The portal component also facilitates communication between the system administrator and translators. The portal posts help wanted advertisements to translators when new content is recognized as needing translation. Translators can negotiate and finalize pricing details within the context of the portal. Once terms are agreed by both parties the translations jobs become active and files are furnished to translators containing text in need of translation. The file format of these files is rich and contains all metadata associated with text at the time of authoring. This metadata includes the meaning, part of speech, glossary flag, and domain categorization of the text needing translation. If historical (past translations) are available for a particular element within a phrase, that leverage information is provided to the translator to foster standardization of translation.
Translators complete work on these intermediary files and then upload completed files into the portal. When upload is complete, processing is triggered which inserts file content back into the terminological database. At this point, this content is ready for use when an authored document arrives that requires this translation.
In addition to translation content, the returned intermediary files may contain instructions on defects found in current translation or source authoring. It may be clear to a translator, for example, that the meaning that the author has associated with text is incorrect. Provisions for feedback are embedded within the intermediary file format and their input is supported by the third main component in the methodology, the translation workbench.
The translation workbench is a thick client application intended to be used by translators and reviewers of source and translated text. The data within the workbench is presented hierarchically. At the highest level, users are presented with a series of blocks of text and their associated translations.

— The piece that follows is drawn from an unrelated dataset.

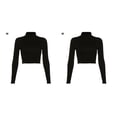 thumbnail image 4 of Jumpingount 2021 mujeres Sexy ceñido al cuerpo fiesta vendaje espalda descubierta correas Clubwear camiseta cuello bajo triangulación de envío Negro M 2piezas Jumpingount CBP167299, 4 of 6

These blocks are broken down or segmented into components and the source/target pairs associated with these segments are visible in the sub layer. For source terms in this level, when previous translations are on file, they are available via drop downs and thus, capable of leverage by translators. Entered or selected translations at this level will populate a text field labeled hints at the block level above,
Blocks of text within the authored documents that require internationalization only are handled without output to the translator workbench. The only information sent to the translator is that text which is localizable and presented on the UI. Internationalization blocks are handled purely via database replacements as specifically instructed by the programmer coding the software and adding the content,
Sequencing roster architecture of the system modules of the present invention discussed above are further illustrated in
The methods and system of the present invention are particularly suitable for applications supported by computerized systems and distributed databases with extensive search capabilities provided by a packet network, such as the Internet or a corporate intranet (including those made available using browser technology in conjunction with the World Wide Web), or in a stand alone mode within a user's customized environment.
Machine Translation
Modern day, rules based machine translation engines use customized dictionaries which map important source terminology to target translations to improve output accuracy. In current practice, user dictionaries are prepared ahead of document machine translation and are configured and tuned for a set of documents, rather than any one in particular.

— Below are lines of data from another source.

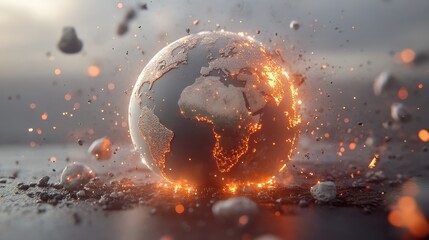 Fiery globe, burning earth in glass a symbol of environmental crisis and climate change impact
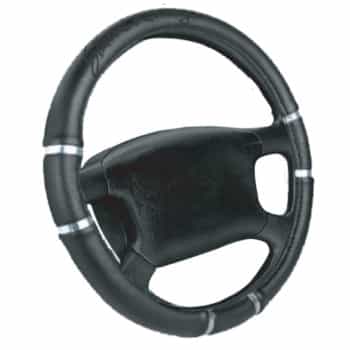 Simoni Racing Steering Wheel Cover Black/Chrome Artificial Leather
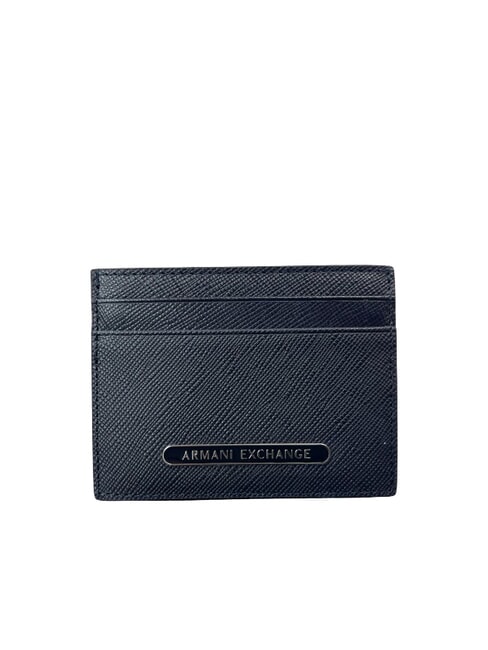 ARMANI EXCHANGE BARCELONA Porta carte di credito piatto in pelle deep navy - Portafogli Uomo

User dictionaries can be customized on a document by document basis when metadata is:
- 1. stored concomitantly within text,
- 2. points to specific source and target pairs within a multilingual terminology data storage mechanism, and
- 3. can readily be decoded from its metadata format into its source character format.
It is clear from prior art that machine translation of unambiguous terminological units within source significantly improves the quality of machine translation output as sentence level semantic complexity is reduced. With concomitant metadata, user dictionaries can be based on lookups which combine Unicode metadata and source text to distinguish meanings of identically spelled words like “cast” the noun meaning—actors in a play from “cast” the noun meaning—plaster cast applied around a broken bone.
In the current embodiment, metadata, source and translation pairs are transmitted to a web service which compiles content into a user dictionary format compatible with the Systran machine translation engine. In subsequent requests made to this engine to furnish translations, unambiguous text and meaning are recognized within source and appropriate translations are folded into the machine translation output.
Custom Fonts
Custom fonts enable a controlled mapping of Unicode codepoints to user interface glyph representations. Within custom fonts, a codepoint that renders to a user interface as a Chinese ideograph by international convention and agreement could be re-mapped to a Greek Omega glyph representation. In this way, the true codepoint behind the presentation layer is hidden if font is controlled.
Text appearance can be altered arbitrarily. For example italics could replace original non-italicized content to denote a change in metadata underlying linguistic content. Font handling is built into every modern computer operating system and controlled at an application level where content is created, modified or displayed. Thus, concomitant metadata can be hidden from the user within any editor with a standard font control mechanism by providing a custom font.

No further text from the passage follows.